[[ LISTED RECORDS, beginning ]]

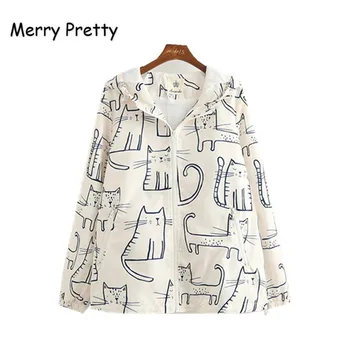 

MERRY PRETTY Japan Harajuku Jacket Mori Girl Outwear New Women Sweet Cute Cat Printed Hooded Long Sleeve Casual Thin Coat Female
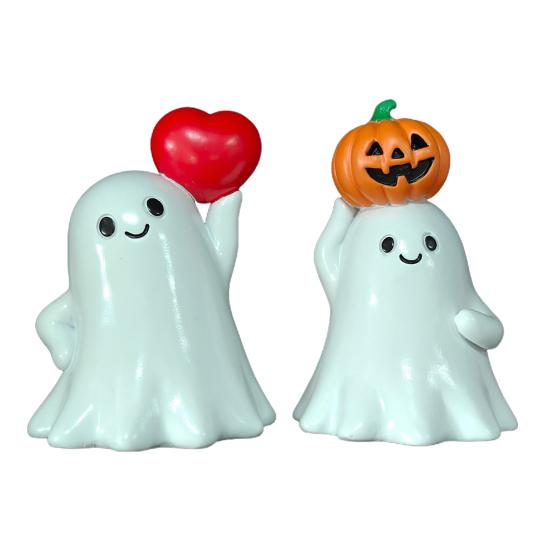 Halloween Ghost Figurine Cute Ghost Holding Heart/Pumpkin Statue Desktop Small Resin Ghost Ornament for Home Office Kitchen Tabletop Decor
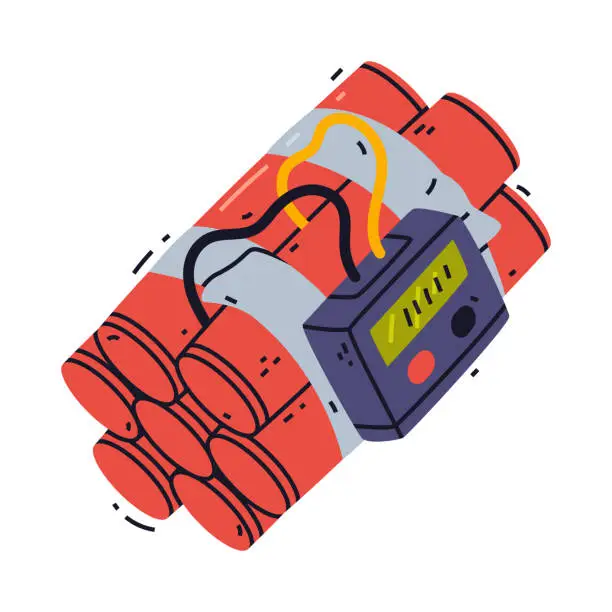 Vector illustration of Dynamite Red Stick Sheaf as Explosive and Reactive Substance for Explosion Vector Illustration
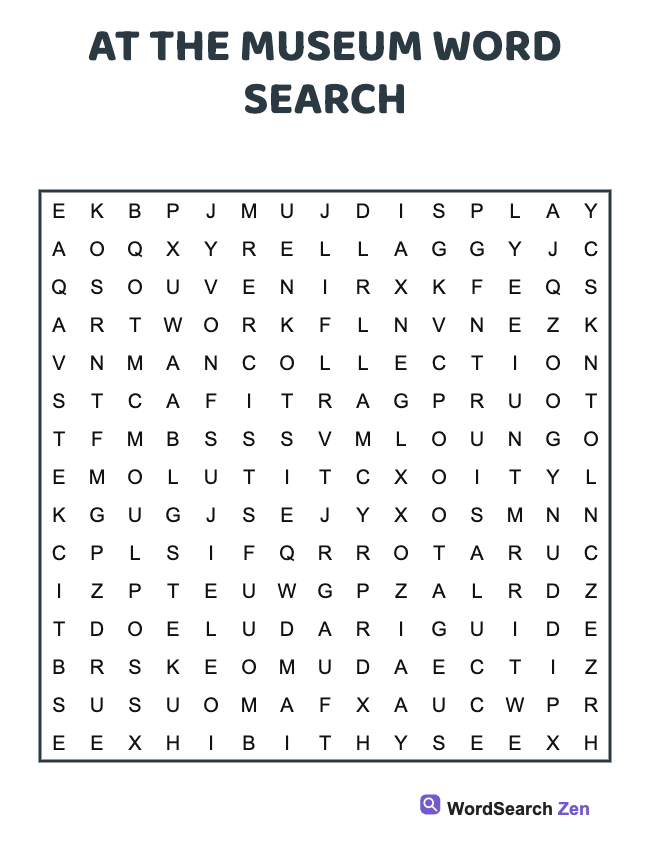 At The Museum Word Search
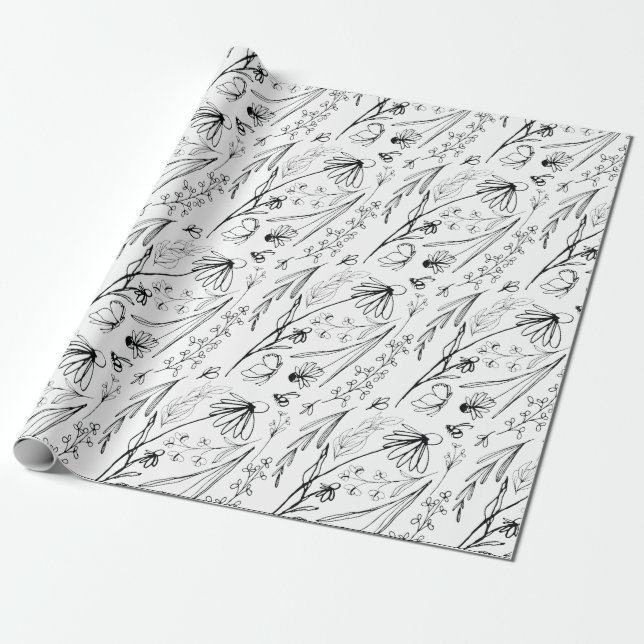 Papier Cadeau Papier à enveloppement floral LV (Déroulé)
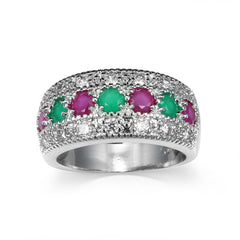 Green & Pink Cubic Zirconia & Crystal Prong-Set Pavé Ring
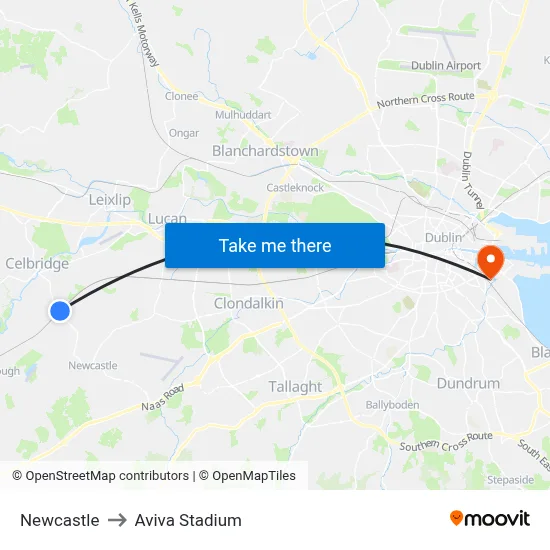 Newcastle to Aviva Stadium map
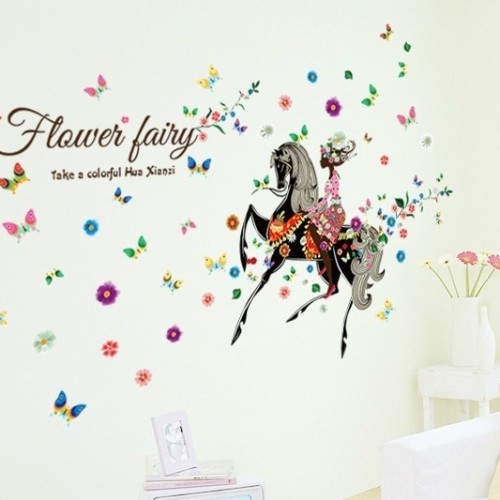 Foto Produk Set Stiker Dekorasi Dinding Motif "Flower Fairy" Terbaik dari Perkakas Anda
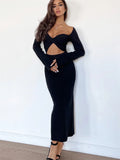 DERMEARNE Tossy Knitwear Ribbed Hollow Out Long Dress Women's Twist Long Sleeve Patchwork Slim Elegant Knit Dress Party Looks Maxi Dress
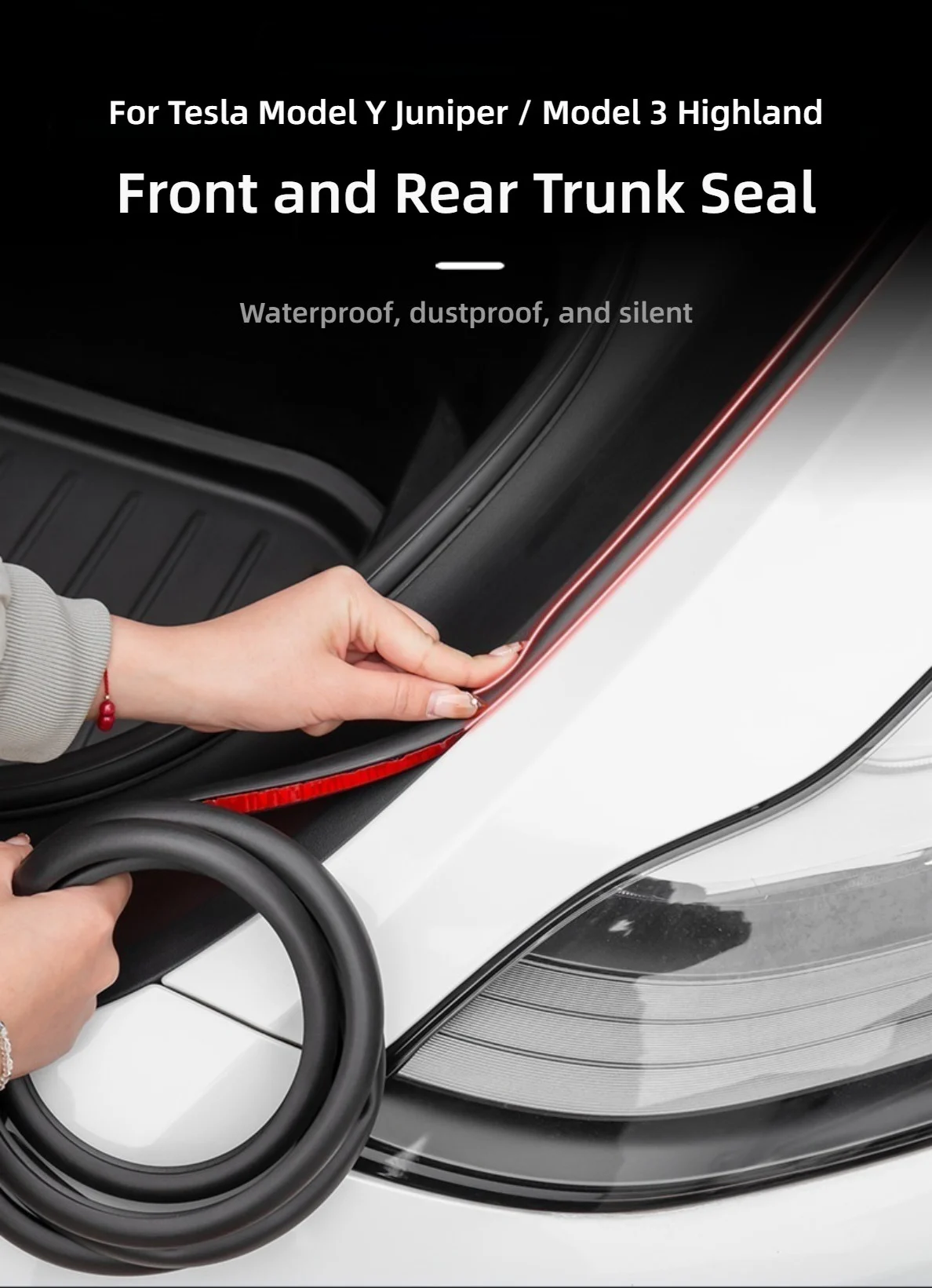 For Tesla Model Y Juniper Door Seal Strip Soundproof Rubber Weatherstrip for Model 3 Highland B-Pillar Sealing Noise Reduction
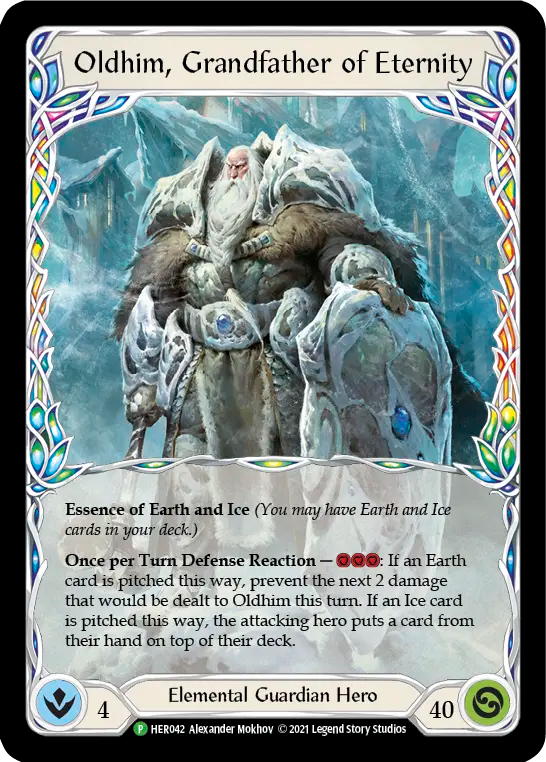(042) Flesh & Blood TCG Hero Promos Single: Oldhim, Grandfather of Eternity (Cold Foil)  Promo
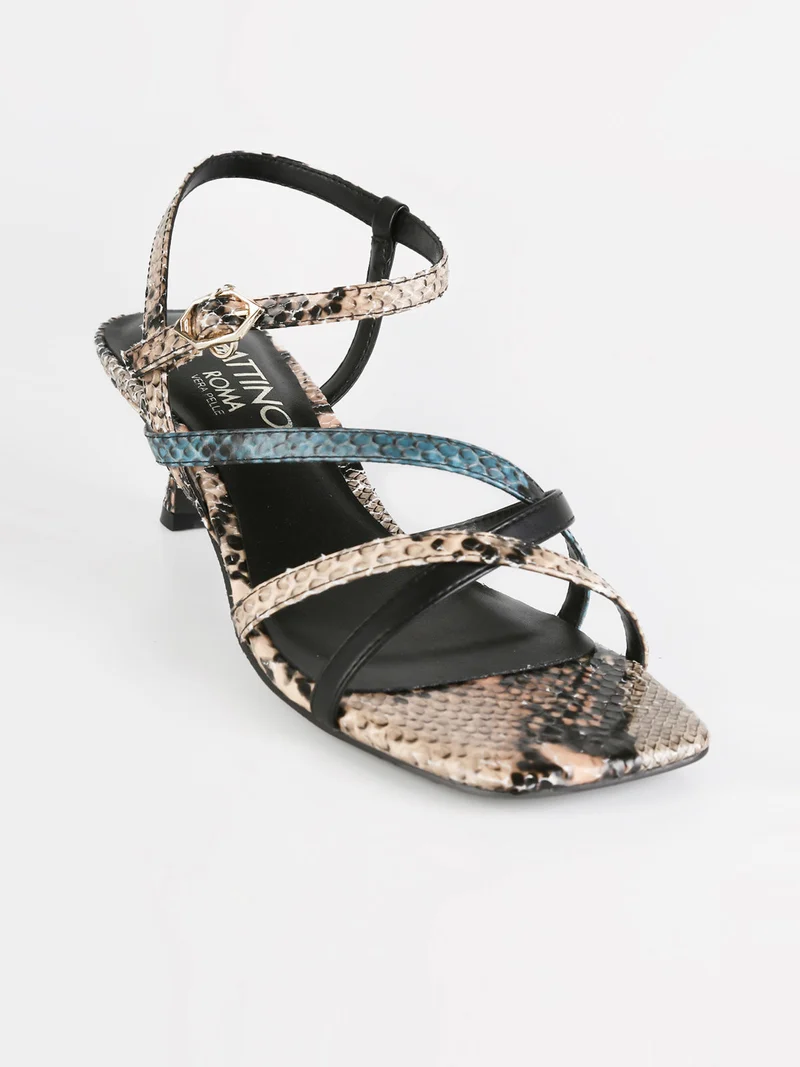 Sandali pitonati con tacco basso - blu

[[ LISTED RECORDS, end ]]

Copy each line of the records precisely and drop any images they hold.

RESPONSE TO THE EXERCISE »
MERRY PRETTY Japan Harajuku Jacket Mori Girl Outwear New Women Sweet Cute Cat Printed Hooded Long Sleeve Casual Thin Coat Female
 Halloween Ghost Figurine Cute Ghost Holding Heart/Pumpkin Statue Desktop Small Resin Ghost Ornament for Home Office Kitchen Tabletop Decor
 Vector illustration of Dynamite Red Stick Sheaf as Explosive and Reactive Substance for Explosion Vector Illustration
 At The Museum Word Search
 Papier Cadeau Papier à enveloppement floral LV (Déroulé)
 Green & Pink Cubic Zirconia & Crystal Prong-Set Pavé Ring
 Newcastle to Aviva Stadium map
 Foto Produk Set Stiker Dekorasi Dinding Motif "Flower Fairy" Terbaik dari Perkakas Anda
 DERMEARNE Tossy Knitwear Ribbed Hollow Out Long Dress Women's Twist Long Sleeve Patchwork Slim Elegant Knit Dress Party Looks Maxi Dress
 For Tesla Model Y Juniper Door Seal Strip Soundproof Rubber Weatherstrip for Model 3 Highland B-Pillar Sealing Noise Reduction
(042) Flesh & Blood TCG Hero Promos Single: Oldhim, Grandfather of Eternity (Cold Foil)  Promo
 Sandali pitonati con tacco basso - blu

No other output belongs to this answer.